I know that I’ll never be as cool as some people. I’ll never be Cary Grant, Robert Mitchum, Harrison Ford, you name it. If I’m lucky, I’ll be Eddie Bracken. And I also know that I’ll never be Warren Oates who, even as a total loser in playing Bennie is cool in a way that I’ll never reach, playing what has to have been the greatest role the actor ever had in a life that was cut way too short and it truly seems like a performance by a man who is never acting. It’s like he’s truly become this guy down to his very core and at the same time would do anything possible to not be him. It’s truly unforgettable to watch Warren Oates here and it proves that there was never anyone else like him. Not to mention that he looks damn great in those sunglasses, too. Playing against him, Isela Vega is rather extraordinary in a way that I almost can’t put into words, bringing a level of dignity and true lifeforce to a sort of role that in any other hands might just be a cardboard stereotype.
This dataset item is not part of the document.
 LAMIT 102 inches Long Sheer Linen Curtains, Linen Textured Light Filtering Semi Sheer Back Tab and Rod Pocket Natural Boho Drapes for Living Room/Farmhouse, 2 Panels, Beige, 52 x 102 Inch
She never feels like she’s acting--at any given moment it feels as if there are a hundred thoughts going through her mind that she’ll never put into words for anyone else so instead she just presents herself as she is, with every bit of serenity and humiliation that she displays. There are memorable moments by other actors throughout—Gig Young removes the shell off a hard-boiled egg like no other man—but it’s the two of them that matter here more than anything, a romantic coupling that is unlike any other.
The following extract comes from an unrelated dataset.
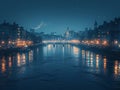 Shimmering city lights reflecting on a river at night Royalty Free Stock Photo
The film has become a slight pop culture punchline (a reference in FLETCH, the TV movie BRING ME THE HEAD OF DOBIE GILLIS) and by this point the title is probably known by people who have no idea what the reference point actually is. As trashed as it was by various critics when it was released the film did have its defenders—Roger Ebert gave it four stars and called it, “some kind of bizarre masterpiece.” Adding to this bizarreness is how, as far as I can tell, the credit font used is the exact same kind as on LITTLE HOUSE ON THE PRAIRIE (why do I notice these things?)—what the line between Alfredo Garcia and Laura Ingalls could possibly be I have no idea. And as the cult of Peckinpah lives on in whatever form it does these days the reputation of the film has grown as it becomes clear of the unremittingly ugly portrayal of the world that’s presented here along with the beauty that can be found in that ugliness, not to mention just how flat out cool Warren Oates is, even if it sometimes seems like he won’t be able to cross to the other side of the room. The Hail Mary feel of what Bennie finally does feels like a culmination of everything the director would want to express in his entire directing career and indeed he apparently stated that this film was as close to “pure Peckinpah” as he ever got to make, proving true Bennie’s offhand comment, “Nobody loses all the time.” At this point in my life, where I almost couldn’t feel more lost, I’m starting to hope that statement is true and I could honestly use that sort of optimism. Now that I think about it, what does it matter whether I fully understand the film or not? Where is it written that we have to understand everything we see? One of the problems with offering opinions on movies is that people have perceptions of them, what they should be, what they are, how similar they are to other films we might prefer, other movies that are more normal. BRING ME THE HEAD OF ALFREDO GARCIA isn’t really like anything. And there never will be anything like it again.